Itinéraire de cet évêque humilié par ses diocésains et finalement récompensé par le pape François, qui a fustigé à de nombreuses reprises les réflexes tribaux pouvant conduire à des génocides.

Dimanche 29 mai 2022, quand le nom de Mgr Peter Okpaleke est prononcé par le pape François depuis la fenêtre du palais apostolique du Vatican – en numéro 5 sur 21 -, bien peu de fidèles réunis place Saint-Pierre comprennent que le pontife argentin envoie alors un message très fort à l’Église au Nigeria. L’histoire de Mgr Peter Okpaleke a beau être originale, le grand public ne la connaît pas forcément. Et c’est peut-être pour cela que le pontife de 85 ans a choisi de le créer cardinal: mettre un coup de projecteur sur le fléau du tribalisme, cette forme de «xénophobie domestique» qu’il dénonce depuis son élection sur le trône de Pierre en 2013.

Vocation grâce à la pluie

Peter Ebere Okpaleke naît le 1er mars 1963 avec son frère jumeau – décédé – dans un village de l’État d’Anambra, dans le sud du Nigeria. Avec ses quatre frères et sœurs, il est élevé par sa grand-mère maternelle. Il renvoie l’origine de sa vocation à un dimanche de l’année 1972, lorsqu’il est enrôlé pour servir la messe afin de remplacer les autres enfants de chœur, absents à cause de la pluie. Ce premier service auprès de l’autel le marque.

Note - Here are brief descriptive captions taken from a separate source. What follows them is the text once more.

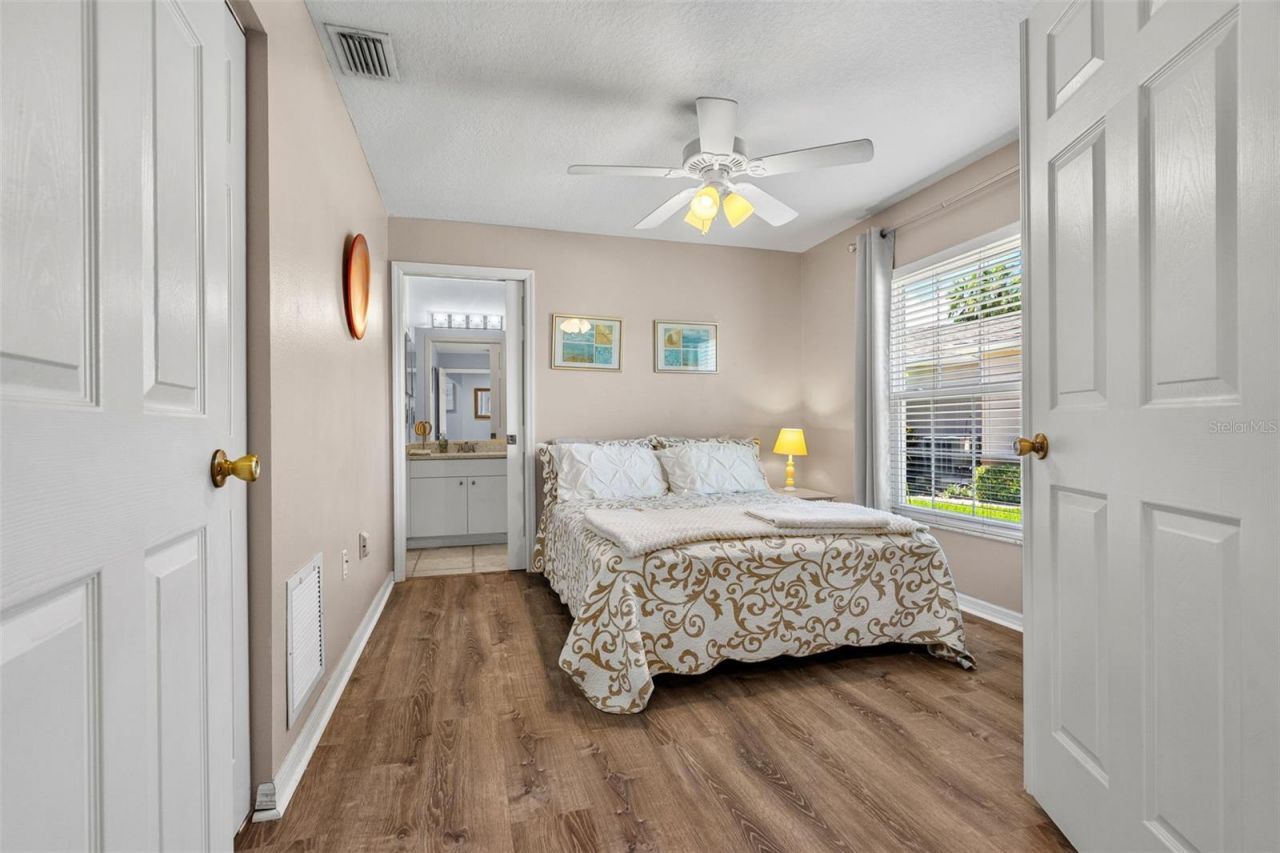 1704 Terra Ceia Bay Circle , Palmetto, FL 34221 Photo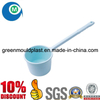 High Quality Plastic Kitchen Tool Bailer Mould Supplier Taizhou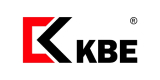 kbe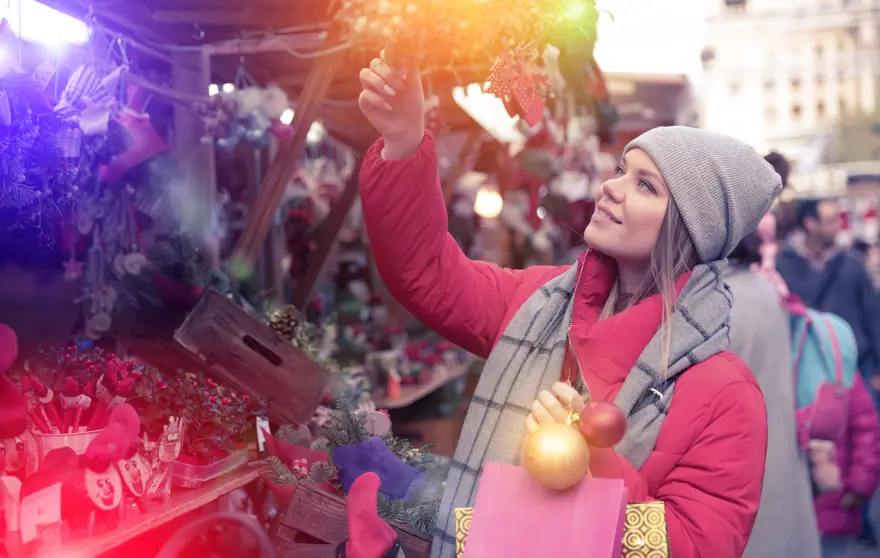 12 ÜZÜM RİTÜELİNİN TARİHİ 2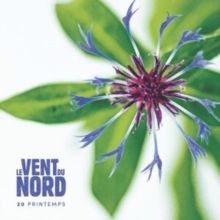20 Printemps (CD / Album)
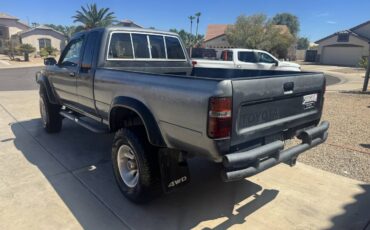 Toyota-tacoma-double-cab-1992-3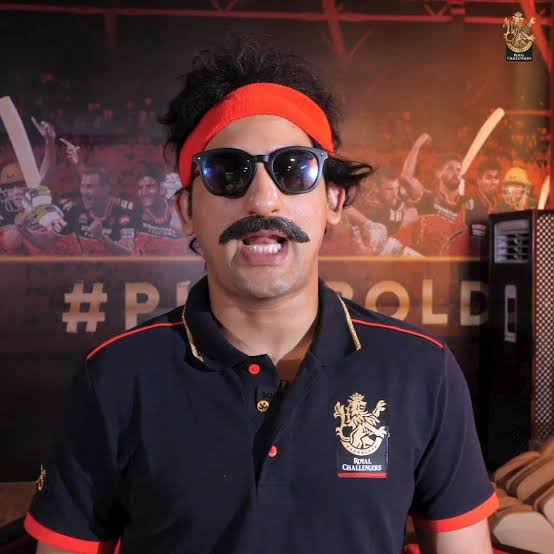 VINIT( यदुवंश ) tweet media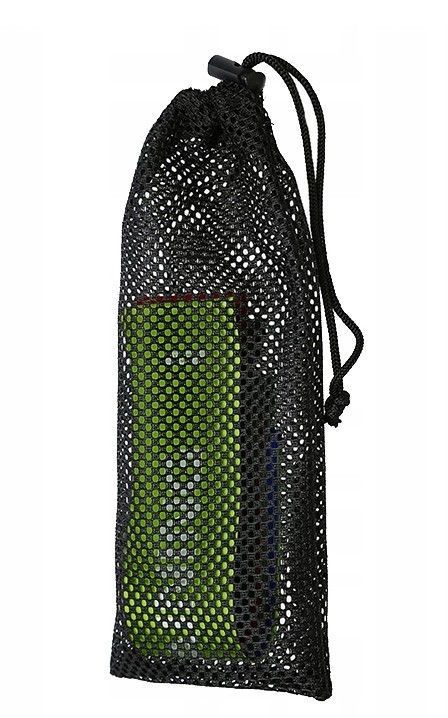купить РЕЗИНКИ ДЛЯ ФИТНЕСА 4FSS23AAOTU034 MULTICOLOUR арт. 36467 в Кишинёве 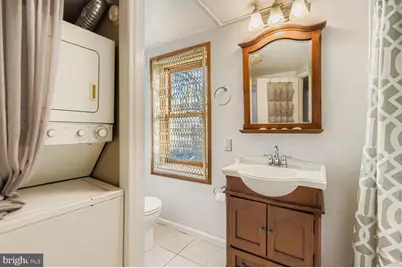 649 Dover Street, Baltimore, MD 21230 - Photo 18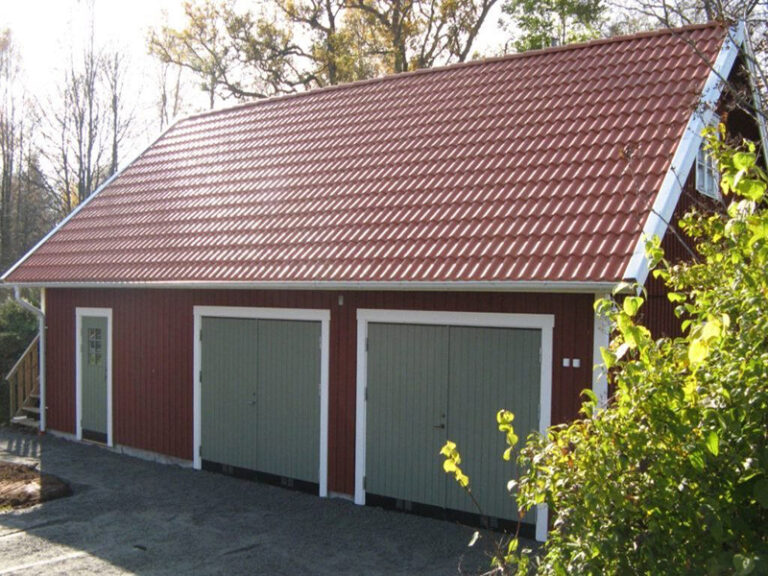 3. Byta Garagetak 768x576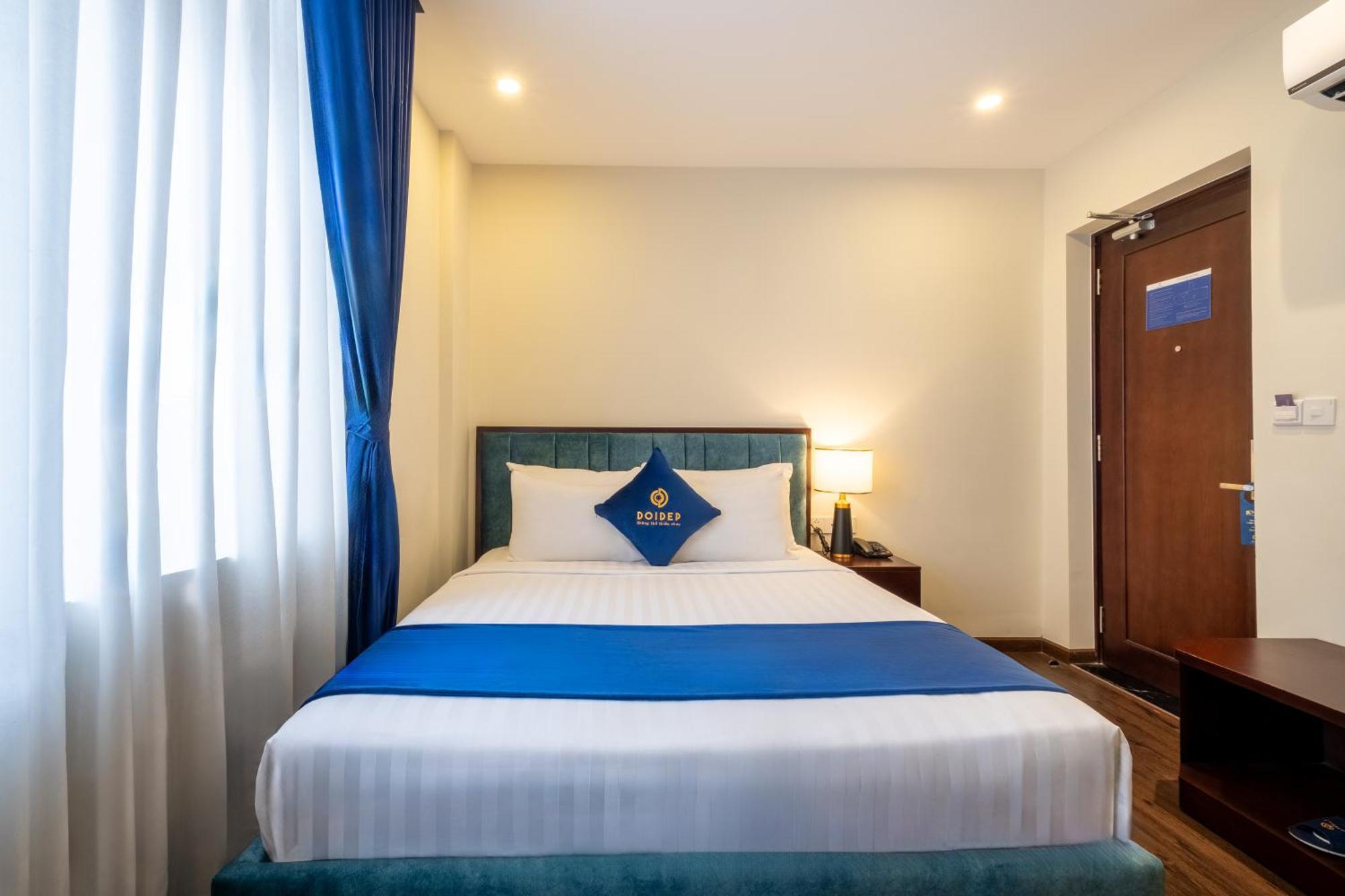 Sandals Camellia Hotel ดาลัด ภายนอก รูปภาพ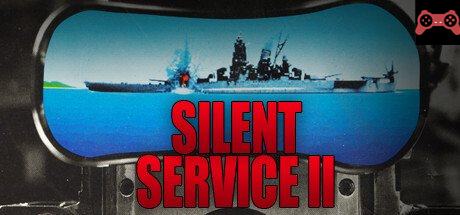 Silent Service 2 System Requirements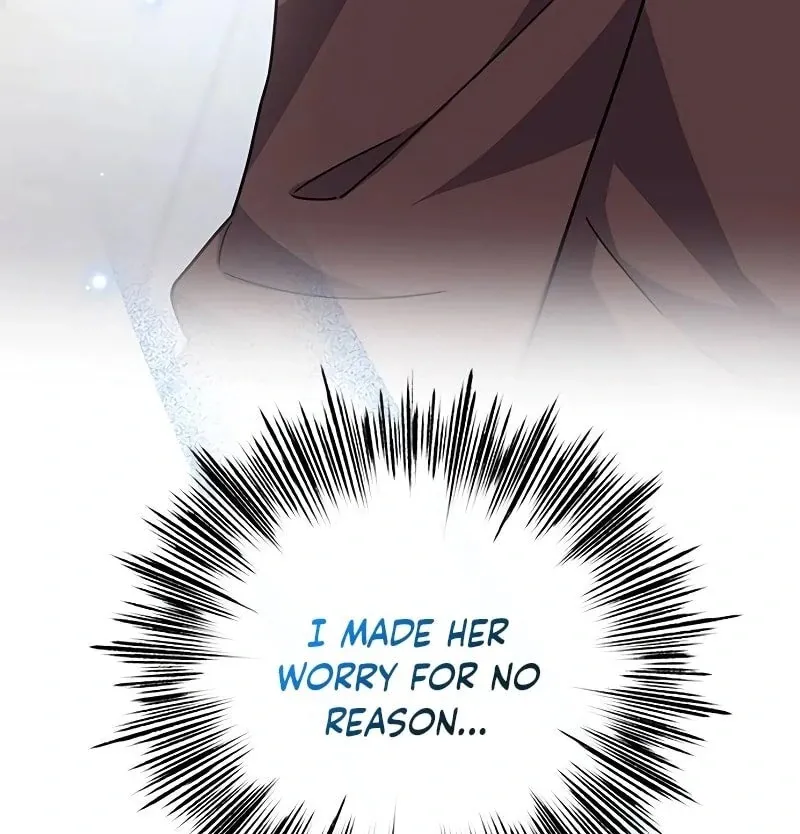 Ugly complex Chapter 13 page 131 -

Dix ans plus tard, il rentre au séminaire et est ordonné prêtre en 1992. Il poursuit ses études après son ordination, notamment à Rome (1999-2002), où il obtient un doctorat en droit canonique avec mention très bien à l’Université de la Sainte Croix. Il est également titulaire d’un diplôme en administration ecclésiastique. Secrétaire adjoint de l’évêque du diocèse d’Awka (1992-1995) puis administrateur financier, il est finalement chancelier du diocèse de 2002 à 2011. Alors que son évêque le nomme curé de paroisse, la vie de ce prêtre va basculer.

Fronde «xénophobe»

Le 7 décembre 2012, le pape Benoît XVI le nomme évêque d’Ahiara. Le diocèse a beau n’être qu’à une centaine de kilomètres au sud d’Awka, son diocèse d’origine, la sociologie de la région est bien différente, et les problèmes de l’évêque de 49 ans commencent.

Sitôt la nomination publiée, les diocésains – prêtres et laïcs – d’Ahiara se rebellent. En cause, disent certains: le fait que Peter Ebere Okpaleke ne soit pas incardiné dans le diocèse d’Ahiara. Une manière habile de ne pas désigner les origines ethniques du jeune prélat. Contrairement à son prédécesseur qui était de l’ethnie mbaise, majoritaire dans le diocèse, Mgr Okpaleke est issu de l’ethnie ibo – comme le cardinal nigérian Francis Arinze -, majoritaire dans le sud-est du Nigeria.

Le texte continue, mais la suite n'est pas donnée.